My concern is the present thread is about the integration of religious and secular education - in the context of Indian subcontinent and universally too it should not be any different. At present we have Madarsa education where there are a few strokes of modern topics like geometry but by and large it is cut-off from those branches of knowledge that have given enormous power, strength and advantage to the western society that, perhaps subconsciously or unconsciously, maintains the crusading attitude. On the other hand we have modern education institutions, either managed by Muslims but mostly not, where the education secular in the sense of anti-religious because the left/communist/socialist combine monopolized the intelligentsia. Of course we must have lapsed some where to give them a walk over but this realization does not solve the problem. So these institution churn out educated people who are mostly Macaulian. Lord Macaulay was the British civil servant and educationist and his assignment was to solve a specific problem - by 1857 the British had completely subjugated India and then the problem was how to keep the things that way, that is how to keep the hold of British Empire on India. Macaulay's solution was simple - educate Indians in a manner that their skin remains what it is but their mentality is of white people. We managed to send the British back but the education system designed and built by them still keep churning out the sons and daughters of Macaulay. Of course British ideal has been conveniently replaced by the American ideal but the story of the so called modern education remains the same - to disdain your own culture and religion and to take it as undesirable burden. Lack of confidence and self hatred is the result and the religious education is considered as getting left behind and the religiously educated person is not to be taken seriously and religion might not be the opium of the masses but it certainly is considered a poor choice.

Now a lot of water has flowed down the rivers after independence from the British in 1947. Most of this time was lost by us Muslims in either simply remaining scared of majority for no fault of ours - some of our brothers took their share in the form of a new state called Pakistan. What was required was to immediately start worrying about equity for Muslims in independent India but that was not to be the case. In the meantime anti-Muslim forced have been hard at work and managed to infiltrate all the powerful institutions of India, police, bureaucracy, education and even military. Urdu, because it came in to existence after arrival of Islam in India, has been very thoroughly neutralized. Physical resources are out of reach of Muslims and hence they can not compete with the official education system.

In spite of that Muslims have managed to establish many educational institutions. Most of them are just exactly the same as the rest of the left oriented institutions - the secular institutions. Then there are few which are really Islamic in the sense that the morning prayer of the school ends with one Islamic supplication.
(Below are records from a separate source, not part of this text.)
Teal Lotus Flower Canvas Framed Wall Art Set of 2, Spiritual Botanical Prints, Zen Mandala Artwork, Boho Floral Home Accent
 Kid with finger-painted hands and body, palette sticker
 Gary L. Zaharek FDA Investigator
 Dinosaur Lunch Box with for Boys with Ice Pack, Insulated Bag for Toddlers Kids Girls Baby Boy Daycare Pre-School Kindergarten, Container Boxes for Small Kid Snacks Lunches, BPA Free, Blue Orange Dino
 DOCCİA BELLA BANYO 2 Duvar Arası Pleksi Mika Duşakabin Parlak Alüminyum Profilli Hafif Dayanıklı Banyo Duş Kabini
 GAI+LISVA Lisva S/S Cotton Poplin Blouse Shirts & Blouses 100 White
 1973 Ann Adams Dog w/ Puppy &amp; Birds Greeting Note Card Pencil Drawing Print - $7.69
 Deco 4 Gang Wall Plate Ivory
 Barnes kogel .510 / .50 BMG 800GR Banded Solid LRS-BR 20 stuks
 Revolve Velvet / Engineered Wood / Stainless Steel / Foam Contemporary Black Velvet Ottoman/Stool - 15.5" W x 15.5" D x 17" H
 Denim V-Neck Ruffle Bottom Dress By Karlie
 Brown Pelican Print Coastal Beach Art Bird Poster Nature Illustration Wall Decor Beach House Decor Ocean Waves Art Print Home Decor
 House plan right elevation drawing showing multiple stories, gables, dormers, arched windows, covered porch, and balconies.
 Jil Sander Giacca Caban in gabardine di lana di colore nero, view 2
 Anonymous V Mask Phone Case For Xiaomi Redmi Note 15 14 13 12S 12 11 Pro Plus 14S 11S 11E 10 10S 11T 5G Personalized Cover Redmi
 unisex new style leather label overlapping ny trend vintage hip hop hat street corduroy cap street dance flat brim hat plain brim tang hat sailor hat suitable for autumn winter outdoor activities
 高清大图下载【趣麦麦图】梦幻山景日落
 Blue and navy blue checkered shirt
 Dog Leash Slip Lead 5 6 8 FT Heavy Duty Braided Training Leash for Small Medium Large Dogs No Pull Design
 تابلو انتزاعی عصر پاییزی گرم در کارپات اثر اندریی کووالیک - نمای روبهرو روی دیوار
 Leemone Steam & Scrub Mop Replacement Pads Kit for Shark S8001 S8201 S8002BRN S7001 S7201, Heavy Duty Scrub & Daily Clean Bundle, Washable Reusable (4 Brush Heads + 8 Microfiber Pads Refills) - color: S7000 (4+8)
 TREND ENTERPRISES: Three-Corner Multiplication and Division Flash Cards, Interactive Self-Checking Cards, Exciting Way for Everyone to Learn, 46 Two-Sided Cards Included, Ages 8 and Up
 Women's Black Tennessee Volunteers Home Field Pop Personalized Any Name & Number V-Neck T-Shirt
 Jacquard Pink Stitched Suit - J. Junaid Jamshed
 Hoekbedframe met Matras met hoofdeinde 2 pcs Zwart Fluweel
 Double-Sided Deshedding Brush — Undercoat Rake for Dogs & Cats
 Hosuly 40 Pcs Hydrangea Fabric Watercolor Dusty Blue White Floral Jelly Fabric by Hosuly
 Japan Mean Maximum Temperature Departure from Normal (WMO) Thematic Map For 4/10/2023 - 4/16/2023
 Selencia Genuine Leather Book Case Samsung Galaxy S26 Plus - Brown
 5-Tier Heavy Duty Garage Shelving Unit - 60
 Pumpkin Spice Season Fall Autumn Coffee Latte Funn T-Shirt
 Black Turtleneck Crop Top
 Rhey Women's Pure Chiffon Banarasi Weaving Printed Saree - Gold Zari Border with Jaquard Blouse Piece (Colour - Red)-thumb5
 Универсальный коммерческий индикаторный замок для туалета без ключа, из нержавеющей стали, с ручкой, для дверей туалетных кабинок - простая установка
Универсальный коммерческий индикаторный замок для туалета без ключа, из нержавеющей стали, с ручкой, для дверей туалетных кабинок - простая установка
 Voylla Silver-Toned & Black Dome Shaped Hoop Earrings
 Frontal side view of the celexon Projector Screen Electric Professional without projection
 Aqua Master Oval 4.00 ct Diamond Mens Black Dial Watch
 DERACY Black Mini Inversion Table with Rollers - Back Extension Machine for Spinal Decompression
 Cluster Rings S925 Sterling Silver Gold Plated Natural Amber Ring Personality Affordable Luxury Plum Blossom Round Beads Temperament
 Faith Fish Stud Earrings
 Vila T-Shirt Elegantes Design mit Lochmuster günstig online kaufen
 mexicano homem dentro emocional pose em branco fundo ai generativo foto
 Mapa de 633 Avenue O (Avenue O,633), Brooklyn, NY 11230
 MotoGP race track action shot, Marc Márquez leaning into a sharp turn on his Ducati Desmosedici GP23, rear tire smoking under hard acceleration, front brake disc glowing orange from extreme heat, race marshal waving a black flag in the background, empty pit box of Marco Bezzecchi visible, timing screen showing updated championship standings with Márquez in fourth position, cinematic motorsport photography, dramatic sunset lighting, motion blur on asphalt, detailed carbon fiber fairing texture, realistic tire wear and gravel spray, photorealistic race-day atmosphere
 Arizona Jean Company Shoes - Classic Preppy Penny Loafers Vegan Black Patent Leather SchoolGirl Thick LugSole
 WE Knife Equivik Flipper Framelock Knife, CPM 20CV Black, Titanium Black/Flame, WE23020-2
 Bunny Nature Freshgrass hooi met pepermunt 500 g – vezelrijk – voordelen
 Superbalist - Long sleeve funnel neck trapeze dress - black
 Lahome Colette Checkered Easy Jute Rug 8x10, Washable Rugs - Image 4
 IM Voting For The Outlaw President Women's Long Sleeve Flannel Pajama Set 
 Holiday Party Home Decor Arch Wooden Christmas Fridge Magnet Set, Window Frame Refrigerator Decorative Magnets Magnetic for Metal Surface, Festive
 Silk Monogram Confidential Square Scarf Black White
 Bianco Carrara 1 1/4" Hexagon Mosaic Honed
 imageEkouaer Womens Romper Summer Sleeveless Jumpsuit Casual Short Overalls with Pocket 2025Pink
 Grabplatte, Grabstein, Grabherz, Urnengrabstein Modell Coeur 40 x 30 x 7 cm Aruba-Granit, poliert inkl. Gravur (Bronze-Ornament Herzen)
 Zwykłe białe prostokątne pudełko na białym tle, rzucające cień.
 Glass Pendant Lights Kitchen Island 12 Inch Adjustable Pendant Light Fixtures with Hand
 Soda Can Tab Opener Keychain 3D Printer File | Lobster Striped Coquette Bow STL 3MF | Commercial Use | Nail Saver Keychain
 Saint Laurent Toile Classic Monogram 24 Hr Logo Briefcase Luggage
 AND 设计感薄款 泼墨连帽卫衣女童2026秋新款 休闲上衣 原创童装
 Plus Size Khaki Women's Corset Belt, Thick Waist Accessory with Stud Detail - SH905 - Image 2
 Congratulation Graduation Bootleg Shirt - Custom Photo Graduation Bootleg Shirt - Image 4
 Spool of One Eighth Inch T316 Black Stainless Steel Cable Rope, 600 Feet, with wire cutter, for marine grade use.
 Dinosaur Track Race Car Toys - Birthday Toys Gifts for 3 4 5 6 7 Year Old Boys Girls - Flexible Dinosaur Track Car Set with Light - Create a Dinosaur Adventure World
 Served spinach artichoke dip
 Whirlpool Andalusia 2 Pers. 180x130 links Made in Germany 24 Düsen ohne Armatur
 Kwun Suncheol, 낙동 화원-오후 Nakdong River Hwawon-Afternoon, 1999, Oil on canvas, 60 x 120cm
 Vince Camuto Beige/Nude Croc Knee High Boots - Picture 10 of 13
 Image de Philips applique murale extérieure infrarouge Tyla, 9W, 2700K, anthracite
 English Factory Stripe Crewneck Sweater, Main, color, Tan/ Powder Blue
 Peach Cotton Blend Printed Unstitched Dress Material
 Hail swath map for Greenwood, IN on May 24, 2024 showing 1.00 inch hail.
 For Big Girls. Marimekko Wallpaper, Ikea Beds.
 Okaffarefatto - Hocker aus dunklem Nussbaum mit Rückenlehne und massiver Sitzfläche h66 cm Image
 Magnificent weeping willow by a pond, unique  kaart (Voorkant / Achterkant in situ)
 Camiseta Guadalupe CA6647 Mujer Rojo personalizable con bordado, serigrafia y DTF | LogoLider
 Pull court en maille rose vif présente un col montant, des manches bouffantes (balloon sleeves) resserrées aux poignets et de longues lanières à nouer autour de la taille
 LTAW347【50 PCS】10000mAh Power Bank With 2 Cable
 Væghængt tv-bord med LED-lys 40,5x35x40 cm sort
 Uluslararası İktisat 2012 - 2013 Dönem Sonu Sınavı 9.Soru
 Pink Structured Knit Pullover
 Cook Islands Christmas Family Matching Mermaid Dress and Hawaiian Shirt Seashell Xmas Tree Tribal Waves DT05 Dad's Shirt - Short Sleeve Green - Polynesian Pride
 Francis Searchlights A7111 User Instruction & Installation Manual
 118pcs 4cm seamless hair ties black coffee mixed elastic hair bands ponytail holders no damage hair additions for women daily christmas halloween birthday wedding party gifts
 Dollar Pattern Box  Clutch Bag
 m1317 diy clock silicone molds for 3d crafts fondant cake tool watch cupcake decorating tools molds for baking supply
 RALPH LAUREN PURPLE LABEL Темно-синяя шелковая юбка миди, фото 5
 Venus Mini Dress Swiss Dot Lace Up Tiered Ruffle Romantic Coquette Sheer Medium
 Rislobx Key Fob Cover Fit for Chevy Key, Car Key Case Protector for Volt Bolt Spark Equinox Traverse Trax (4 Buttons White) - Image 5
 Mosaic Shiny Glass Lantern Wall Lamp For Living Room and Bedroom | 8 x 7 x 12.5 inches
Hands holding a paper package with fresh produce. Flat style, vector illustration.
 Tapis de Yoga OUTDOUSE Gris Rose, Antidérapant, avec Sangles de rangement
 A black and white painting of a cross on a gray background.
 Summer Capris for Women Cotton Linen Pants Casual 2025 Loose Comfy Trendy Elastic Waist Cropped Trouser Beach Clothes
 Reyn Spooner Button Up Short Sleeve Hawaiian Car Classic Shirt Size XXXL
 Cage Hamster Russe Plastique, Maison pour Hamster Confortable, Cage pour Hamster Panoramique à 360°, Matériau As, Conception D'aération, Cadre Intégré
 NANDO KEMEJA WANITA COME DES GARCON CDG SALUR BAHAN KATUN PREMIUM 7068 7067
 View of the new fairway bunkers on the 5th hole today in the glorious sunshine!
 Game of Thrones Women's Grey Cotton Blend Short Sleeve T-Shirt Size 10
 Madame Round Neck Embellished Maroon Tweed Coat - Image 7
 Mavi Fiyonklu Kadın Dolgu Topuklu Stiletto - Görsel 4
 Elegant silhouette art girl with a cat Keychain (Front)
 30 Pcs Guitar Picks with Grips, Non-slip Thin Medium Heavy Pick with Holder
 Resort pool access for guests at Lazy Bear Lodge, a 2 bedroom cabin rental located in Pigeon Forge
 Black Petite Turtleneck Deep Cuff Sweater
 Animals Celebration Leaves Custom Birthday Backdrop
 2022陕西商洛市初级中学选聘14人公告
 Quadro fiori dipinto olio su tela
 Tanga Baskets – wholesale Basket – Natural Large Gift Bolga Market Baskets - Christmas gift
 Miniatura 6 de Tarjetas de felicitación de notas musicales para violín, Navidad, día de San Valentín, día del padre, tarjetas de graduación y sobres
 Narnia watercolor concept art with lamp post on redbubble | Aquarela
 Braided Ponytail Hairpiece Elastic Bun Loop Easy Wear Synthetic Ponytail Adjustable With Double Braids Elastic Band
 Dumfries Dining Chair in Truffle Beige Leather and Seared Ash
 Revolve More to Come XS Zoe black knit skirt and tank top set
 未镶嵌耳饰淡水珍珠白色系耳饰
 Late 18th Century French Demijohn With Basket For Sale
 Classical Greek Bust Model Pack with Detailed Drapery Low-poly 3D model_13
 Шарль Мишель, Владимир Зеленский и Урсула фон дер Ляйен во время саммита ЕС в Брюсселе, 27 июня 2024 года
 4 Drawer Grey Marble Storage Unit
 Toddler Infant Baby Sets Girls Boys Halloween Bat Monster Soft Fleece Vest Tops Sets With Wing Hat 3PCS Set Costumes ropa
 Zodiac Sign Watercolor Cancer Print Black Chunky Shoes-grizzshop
Then there are some fundamentalist Muslim schools where they have the temerity to introduce one Islamic subject - theology, that is one paper, per year for three years. (Sorry of the sarcasm - it should not be there.) People say that there are some institutions who are better than that but I suppose I got to his the road before I shoot my mouth on that.

Coming to individual subjects - I agree with you Mathematics is one subject of which our religious establishment should not be scared at all of. But who will tell them. But again that is not my objective - to introduce modern topics in Madarsa.

There one more aspect that is relevant but I shall leave that for later time, IA.